• Work to complete: Leaving nothing out, print each line of the material exactly.

• Entries supplied:
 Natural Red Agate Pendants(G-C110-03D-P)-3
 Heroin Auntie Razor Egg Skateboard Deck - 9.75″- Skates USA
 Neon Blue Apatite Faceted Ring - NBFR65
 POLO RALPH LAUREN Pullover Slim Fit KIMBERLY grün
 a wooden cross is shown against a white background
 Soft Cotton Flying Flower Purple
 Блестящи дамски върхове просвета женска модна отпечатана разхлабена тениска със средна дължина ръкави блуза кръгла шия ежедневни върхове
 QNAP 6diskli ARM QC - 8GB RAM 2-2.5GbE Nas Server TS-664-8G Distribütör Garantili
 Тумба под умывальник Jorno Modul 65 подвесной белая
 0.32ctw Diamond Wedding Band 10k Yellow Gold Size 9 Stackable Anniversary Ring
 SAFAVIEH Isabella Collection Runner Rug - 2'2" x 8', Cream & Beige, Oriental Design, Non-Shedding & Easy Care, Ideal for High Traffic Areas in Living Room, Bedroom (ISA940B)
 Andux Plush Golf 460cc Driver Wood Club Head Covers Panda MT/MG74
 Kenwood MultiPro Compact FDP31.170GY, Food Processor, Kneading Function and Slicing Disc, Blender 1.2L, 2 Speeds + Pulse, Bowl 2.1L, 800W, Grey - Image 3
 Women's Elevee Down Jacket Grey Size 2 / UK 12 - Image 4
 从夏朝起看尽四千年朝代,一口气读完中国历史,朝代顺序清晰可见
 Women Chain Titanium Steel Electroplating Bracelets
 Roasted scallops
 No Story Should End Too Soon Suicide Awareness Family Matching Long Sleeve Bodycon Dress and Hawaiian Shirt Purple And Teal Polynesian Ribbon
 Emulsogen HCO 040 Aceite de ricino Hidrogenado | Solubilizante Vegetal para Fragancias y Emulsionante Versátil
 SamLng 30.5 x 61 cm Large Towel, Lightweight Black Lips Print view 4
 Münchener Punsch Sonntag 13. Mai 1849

• Worked solution:
 Natural Red Agate Pendants(G-C110-03D-P)-3
 Heroin Auntie Razor Egg Skateboard Deck - 9.75″- Skates USA
 Neon Blue Apatite Faceted Ring - NBFR65
 POLO RALPH LAUREN Pullover Slim Fit KIMBERLY grün
 a wooden cross is shown against a white background
 Soft Cotton Flying Flower Purple
 Блестящи дамски върхове просвета женска модна отпечатана разхлабена тениска със средна дължина ръкави блуза кръгла шия ежедневни върхове
 QNAP 6diskli ARM QC - 8GB RAM 2-2.5GbE Nas Server TS-664-8G Distribütör Garantili
 Тумба под умывальник Jorno Modul 65 подвесной белая
 0.32ctw Diamond Wedding Band 10k Yellow Gold Size 9 Stackable Anniversary Ring
 SAFAVIEH Isabella Collection Runner Rug - 2'2" x 8', Cream & Beige, Oriental Design, Non-Shedding & Easy Care, Ideal for High Traffic Areas in Living Room, Bedroom (ISA940B)
 Andux Plush Golf 460cc Driver Wood Club Head Covers Panda MT/MG74
 Kenwood MultiPro Compact FDP31.170GY, Food Processor, Kneading Function and Slicing Disc, Blender 1.2L, 2 Speeds + Pulse, Bowl 2.1L, 800W, Grey - Image 3
 Women's Elevee Down Jacket Grey Size 2 / UK 12 - Image 4
 从夏朝起看尽四千年朝代,一口气读完中国历史,朝代顺序清晰可见
 Women Chain Titanium Steel Electroplating Bracelets
 Roasted scallops
 No Story Should End Too Soon Suicide Awareness Family Matching Long Sleeve Bodycon Dress and Hawaiian Shirt Purple And Teal Polynesian Ribbon
 Emulsogen HCO 040 Aceite de ricino Hidrogenado | Solubilizante Vegetal para Fragancias y Emulsionante Versátil
 SamLng 30.5 x 61 cm Large Towel, Lightweight Black Lips Print view 4
 Münchener Punsch Sonntag 13. Mai 1849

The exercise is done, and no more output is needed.